Over the years, writing about artists like TrickyMad Professor (the genius of dub music) or even Banksy embodied a story that included the consequences of colonialism, here in Britain, in the Caribbean, in Africa but also in Palestine or Iraq. These are the issues that have pervaded throughout everything I do as a journalist, writer, or researcher because they define our modern civilisation.

Moreover, my own family is from North Africa, which is a part of the continent that is underreported in the English-speaking world; North African people are almost never mentioned, let alone artists. The Arnolfini however did receive artists from Sudan, Algeria, Morocco and Egypt; so did the Watershed cinema with films. Elsewhere in Bristol, my experience is that Bristolians can be very vocal, quite territorial, and polarised on the relations between white English citizens and their Caribbean counterparts.

That leaves very little room to bring in voices from South Asia, South America, East Africa, the Middle East or North Africa – where other people of colour have a different but sometimes really relevant experience of colonialism, religions and racism. I even feel sometimes that it’s delusional to want to be part of such a city. This is compounded by Brexit and misrepresented debates on history, polarised divisions and also high inequalities.

So more than ever, writing about art opens a way to relate to a different community, beyond borders and beyond the ‘colour line’, around shared values of inclusivity, creativity and knowledge.

My book for the Arnolfini is still a work in progress. I’ve looked into catalogues and archives, reflected on the meaning of these artists’ works, on different levels. I’ve been in touch with some of the artists and curators involved: some have sent me some articles, links, video recordings about their art, from back then and now; others have had time for an interview.  
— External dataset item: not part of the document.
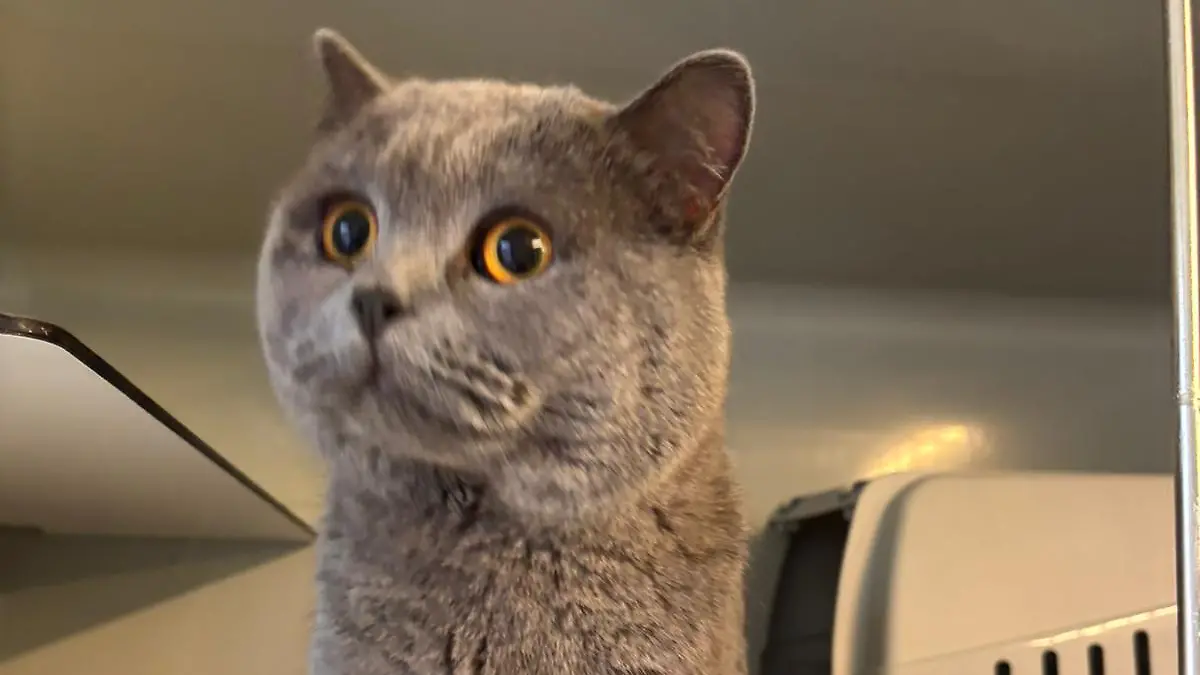 Junger Kater, etwa zwei Jahre alt, wurde am Straßenrand mit Sperrmüll entsorgt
My own memories of some of the exhibitions, or encounters with these artists’ work in other places, as well as some of my research done from 2015 for my previous book, on Bristol’s music scene, also nourished this project.

What I know for sure is that writing about such socially aware and even sometimes politically engaged art allows much more depth. It enables – just like my work in fiction – one to dig into different sorts of subjectivities, recognised and accepted as such, to explain our very complex world with multiple shades of colours.

Ed: Melissa’s book will be out in March 2021, as part of the celebrations for the 60 years of Arnolfini. 
Arnolfini is Bristol’s International Centre for Contemporary Arts located on the harbourside in the heart of the city.